0

I have data in following format

<foo bar> <property abc> <this foo bar> .

Now there are essentially 4 parts in this string: foo bar; property abc; this foo bar; and .. How do I tokenize the above string into these four parts?

Joshua Taylor
  • 84,998
  • 9
  • 154
  • 353
frazman
  • 32,081
  • 75
  • 184
  • 269
  • What are you trying to parse? (just in case there's some library that does it for you) – Dennis Meng Aug 26 '13 at 20:13
  • 3
    googling "rdf parser java" got me http://stackoverflow.com/questions/73445/what-are-some-good-java-rdf-libraries – Dennis Meng Aug 26 '13 at 20:17
  • 4
    If it's RDF why wouldn't you use an RDF library????? – Dave Newton Aug 26 '13 at 20:18
  • possible duplicate of [Using Regular Expressions to Extract a Value in Java](http://stackoverflow.com/questions/237061/using-regular-expressions-to-extract-a-value-in-java) – SwiftMango Aug 26 '13 at 20:21
  • 1
    Note that as far as RDF serializations go, the snipped you've shown could be N-Triples, Turtle, or N3. [N-Triples](http://www.w3.org/TR/rdf-testcases/#ntriples) is a line based format, and parsing each line as you've requested will be fine, except that the object in each triple may also be an literal, which would not look like `<...>`. Turtle and N3 allow much more complicated expressions in addition to these simple expressions, and the line-based approach will not work on those serializations. It would be much better to use a dedicated RDF parser than to roll your own and run into problems. – Joshua Taylor Aug 26 '13 at 20:35
  • 1
    @texasbruce As phrased, the possible duplicate does seem like a good fit, but because Fraz is looking to parse RDF documents, it's likely that the format is more complicated than the question suggests. I don't think that the answers to that question will necessarily be adequate for Fraz's _actual_ task (though it's a perfect fit for the question as asked). – Joshua Taylor Aug 26 '13 at 20:41

2 Answers2

1

As others have suggested if you want to parse RDF graphs just use a library like Apache Jena (disclaimer - I am one of the developers).

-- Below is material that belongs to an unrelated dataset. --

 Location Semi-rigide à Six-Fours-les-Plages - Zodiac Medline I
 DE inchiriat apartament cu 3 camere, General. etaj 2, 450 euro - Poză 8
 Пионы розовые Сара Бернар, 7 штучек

If your problem is more that you need direct control over the parsing process then there are several options:

  • Jena has a TokenizerText class which can tokenize NTriple/Turtle/SPARQL like data if you want to work with the data at the textual level
  • You can implement StreamRDF interface and use this with the built-in parsers to control what happens to the data as it is parsed at the triple/quad level
RobV
  • 28,022
  • 11
  • 77
  • 119
0
String[] array = string.split("> ");

for (int i = 0; i < array.length -1; i++){
    System.out.println(array[i] + ">");
}
System.out.println(array[array.length-1]);
Brinnis
  • 906
  • 5
  • 12